## Aim of the task
From the data below, return all lines holding the string "with".
[Data for analysis — start]
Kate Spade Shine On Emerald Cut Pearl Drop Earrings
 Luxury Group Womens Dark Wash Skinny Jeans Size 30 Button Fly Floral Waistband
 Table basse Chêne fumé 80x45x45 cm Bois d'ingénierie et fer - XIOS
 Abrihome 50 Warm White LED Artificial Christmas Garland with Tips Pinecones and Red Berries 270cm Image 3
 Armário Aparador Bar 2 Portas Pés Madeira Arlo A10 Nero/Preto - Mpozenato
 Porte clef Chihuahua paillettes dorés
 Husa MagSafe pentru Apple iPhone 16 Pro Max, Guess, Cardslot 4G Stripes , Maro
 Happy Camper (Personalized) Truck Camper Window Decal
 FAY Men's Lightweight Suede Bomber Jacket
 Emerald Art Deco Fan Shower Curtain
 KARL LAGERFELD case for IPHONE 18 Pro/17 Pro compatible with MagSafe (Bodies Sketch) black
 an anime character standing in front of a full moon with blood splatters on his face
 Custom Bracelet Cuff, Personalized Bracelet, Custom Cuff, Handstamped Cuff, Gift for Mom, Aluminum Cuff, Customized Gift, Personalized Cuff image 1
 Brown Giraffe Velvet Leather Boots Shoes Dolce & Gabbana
[Data for analysis — finish]
## Answer box
 Abrihome 50 Warm White LED Artificial Christmas Garland with Tips Pinecones and Red Berries 270cm Image 3
 KARL LAGERFELD case for IPHONE 18 Pro/17 Pro compatible with MagSafe (Bodies Sketch) black
 an anime character standing in front of a full moon with blood splatters on his face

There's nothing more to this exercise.